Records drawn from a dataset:
================

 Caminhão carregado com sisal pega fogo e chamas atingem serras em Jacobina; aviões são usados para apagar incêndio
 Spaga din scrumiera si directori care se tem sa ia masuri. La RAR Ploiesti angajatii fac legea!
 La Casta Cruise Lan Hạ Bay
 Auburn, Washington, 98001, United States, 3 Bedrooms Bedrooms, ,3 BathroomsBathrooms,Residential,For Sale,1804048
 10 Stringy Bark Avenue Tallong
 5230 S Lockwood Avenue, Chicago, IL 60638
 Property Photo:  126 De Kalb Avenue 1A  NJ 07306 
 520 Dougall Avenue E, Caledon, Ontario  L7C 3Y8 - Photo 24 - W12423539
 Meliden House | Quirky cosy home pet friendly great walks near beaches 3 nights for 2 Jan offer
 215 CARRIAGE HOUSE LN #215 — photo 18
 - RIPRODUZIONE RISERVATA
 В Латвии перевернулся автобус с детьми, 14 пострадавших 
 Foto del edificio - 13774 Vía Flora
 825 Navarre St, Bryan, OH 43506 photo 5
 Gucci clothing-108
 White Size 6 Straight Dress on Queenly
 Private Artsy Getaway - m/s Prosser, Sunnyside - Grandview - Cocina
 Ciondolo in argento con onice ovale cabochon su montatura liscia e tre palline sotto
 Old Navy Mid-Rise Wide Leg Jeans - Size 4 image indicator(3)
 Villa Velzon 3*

================

Start to finish, copy the records above with no differences.

 Caminhão carregado com sisal pega fogo e chamas atingem serras em Jacobina; aviões são usados para apagar incêndio
 Spaga din scrumiera si directori care se tem sa ia masuri. La RAR Ploiesti angajatii fac legea!
 La Casta Cruise Lan Hạ Bay
 Auburn, Washington, 98001, United States, 3 Bedrooms Bedrooms, ,3 BathroomsBathrooms,Residential,For Sale,1804048
 10 Stringy Bark Avenue Tallong
 5230 S Lockwood Avenue, Chicago, IL 60638
 Property Photo:  126 De Kalb Avenue 1A  NJ 07306 
 520 Dougall Avenue E, Caledon, Ontario  L7C 3Y8 - Photo 24 - W12423539
 Meliden House | Quirky cosy home pet friendly great walks near beaches 3 nights for 2 Jan offer
 215 CARRIAGE HOUSE LN #215 — photo 18
 - RIPRODUZIONE RISERVATA
 В Латвии перевернулся автобус с детьми, 14 пострадавших 
 Foto del edificio - 13774 Vía Flora
 825 Navarre St, Bryan, OH 43506 photo 5
 Gucci clothing-108
 White Size 6 Straight Dress on Queenly
 Private Artsy Getaway - m/s Prosser, Sunnyside - Grandview - Cocina
 Ciondolo in argento con onice ovale cabochon su montatura liscia e tre palline sotto
 Old Navy Mid-Rise Wide Leg Jeans - Size 4 image indicator(3)
 Villa Velzon 3*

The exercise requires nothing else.